What is interesting is that Mad Men is used to sell everything from clothing at Banana Republic to a seat on Delta airlines. The show has promoted Jack Daniel’s whiskey and Jon Hamm’s voice talks up Mercedes in TV commercials. Janie Bryant, Mad Men’s costume designer, has a clothing and accessories collection Mod by Janie Bryant sold on QVC (debuts September 29). Bryant also has a nail polish range for Nailtini available in the fall from CVS and Duane Reade; plus she’s just been appointed as spokesperson for Maidenform intimate apparel.
But why is Mad Men being used to sell us stuff when no one is watching? Is anyone really dressing like Joan, Peggy or Betty? Certainly the latest Louis Vuitton campaign with Karen Elson as a Joanie doppelganger would suggest luxury fashion has taken notice. The rest of us will be able to get our mid-century fix on QVC in the fall, or on ModCloth, the vintage-inspired online retailer that just picked up $19.8 million in funding.
Elizabeth Talerman, CEO of New York branding agency Nucleus is a Mad Men fan. She has, at times, had trouble finding AMC on her dial. “I mean, who goes to AMC to see a show?” But she sees Mad Men everywhere. “Either Mad Men is grooving on pop culture or pop culture is grooving on Mad Men.”
This summer Mad Men actors Jon Hamm, January Jones, Christina Hendricks and John Slattery have appeared on countless magazine covers and articles. And over four seasons the show has won four Golden Globes and scooped 38 awards including a handful of Emmys, BAFTAs and Director Guild Awards.
“I absolutely believe there is nothing like Mad Men and when there is nothing else like it; when something stands for something quite specific and quite fresh, it’s a great place for a marketer to be,” says Talerman. “That said; a brand has to be clearly defined. It can’t just attach itself to something good and hope to gain something.”
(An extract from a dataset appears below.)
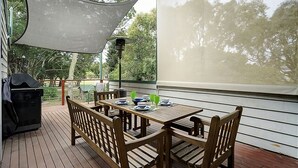 A covered patio with a wooden table and chairs, a grill, and a view of trees. - SOMETHING FOR EVERYONE (Somers)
Like say Delta. “What does an airline have to do with Mad Men? The characters don’t fly around that much. Delta can’t fix whatever its brand definition issues are by pinning itself to a show to get cool rub off. That’s trying to buy a consumer’s affection and attention, as opposed to being naturally intriguing, desirable and provocative. We’re all consumers and we’re smart. We can filter out what doesn’t make sense.”
What does make sense to Talerman is Maidenform and Mad Men. “Brilliant! I absolutely love the tongue-in-cheek relationship between Maidenform and the show. It’s serious but it’s playful.”
As for mass-retailer Banana Republic, Talerman is not concerned by the show’s limited TV audience. “My feeling is that the sponsorship value [for Banana Republic] is in how that plays out at point of sale, to the way the store is experienced, to the way the fitting rooms feel. The advantage of this partnership is on the way to the store, outdoor media and print. The television [viewership] is the minority part of this. But the partnership makes sense.”